Пи-Эм ухмыльнулся и сунул руки в карманы.
– Просто не проси меня потрогать его прямо сейчас, только и всего. Мне надо привыкнуть, – пояснил он свое поведение.
– В таком случае можешь развлечь Бев. Ей досталось выше крыши. Сегодня после обеда должна прийти сиделка, и я не хочу, чтобы до ее прихода Бев пришлось напрягаться.
– Это запросто. – И Пи-Эм фланирующей походкой удалился в гостиную.
– Мы уложим ребеночка спать, – провозгласила Эмма и взялась за краешек одеяла. – Я могу показать тебе, как это делается.
Они стали подниматься по лестнице. Эмма показывала дорогу.
В детской комнате на окнах висели занавески с оборками, а на бледно-голубых стенах играла радуга.

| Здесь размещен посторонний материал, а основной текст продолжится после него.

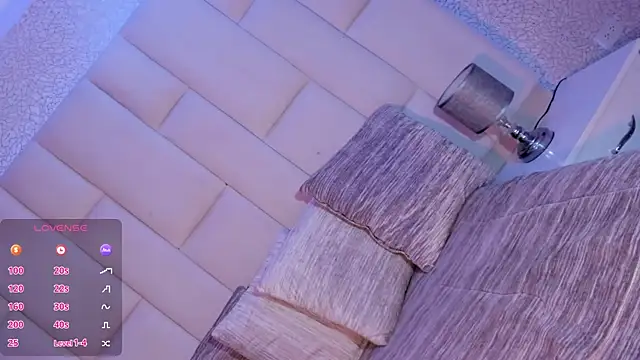 Snapshot of Summer_walkerr chatting on 03-28-26, 01:01 Summer walkerr online show from 03-28-26, 01:01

Плетеная кроватка для новорожденного была отделана снежно-белым ирландским кружевом с розовыми и голубыми завязками. В уголке, под охраной шестифутового плюшевого медведя, притаилась старомодная коляска. У окна застыло в ожидании антикварное кресло-качалка.
– Он скоро проснется?
– Не знаю. Мне начинает казаться, что новорожденные – существа крайне непредсказуемые. – Брайан присел рядом с нею на корточки. – Мы должны обращаться с ним очень бережно, Эмма. Сама видишь, какой он беспомощный.
– Я не позволю, чтобы с ним случилось что-либо плохое. Никогда! – Положив руку на плечо отца, она стала смотреть, как спит малыш.
Эмма вовсе не была уверена в том, что ей нравится мисс Уоллингсфорд. У молодой сиделки были красивые рыжие волосы и чудесные серые глаза, но она редко позволяла Эмме прикасаться к малышу Даррену. Бев проинтервьюировала несколько дюжин претенденток и остановилась на Алисе. Девушке исполнилось двадцать пять лет, она была из хорошей семьи, обладала приятными манерами и располагала прекрасными рекомендациями.
В первые месяцы после рождения Даррена Бев чувствовала себя настолько слабой, у нее случались столь резкие и неожиданные перепады настроения, что услуги Алисы оказались поистине неоценимыми. Кроме того, с ней как с женщиной можно было запросто поболтать о таких вещах, как прорезывание зубов, кормление грудью, диета. Бев вознамерилась вернуть себе прежнюю стройность фигуры с той же решительностью, с какой хотела стать и хорошей матерью. Брайан постоянно уединялся или с Джонно – записывать песни, или с Питом – договариваться насчет записи очередной пластинки. Ей пришлось в одиночку создавать тот дом и уют, о котором мечтала.
Разумеется, она внимательно слушала его, когда он рассуждал о войне в Азии или расовых беспорядках в Америке, но ее личный мирок вращался вокруг того, достаточно ли тепло светит солнце, чтобы Даррен отправился на прогулку. Она научилась печь хлеб и попробовала себя в вязании, пока Брайан писал песни и выступал против войны и расизма.
По мере того как тело ее обретало прежние формы, уходило и нервное напряжение. Для Бев наступило лучшее время в жизни.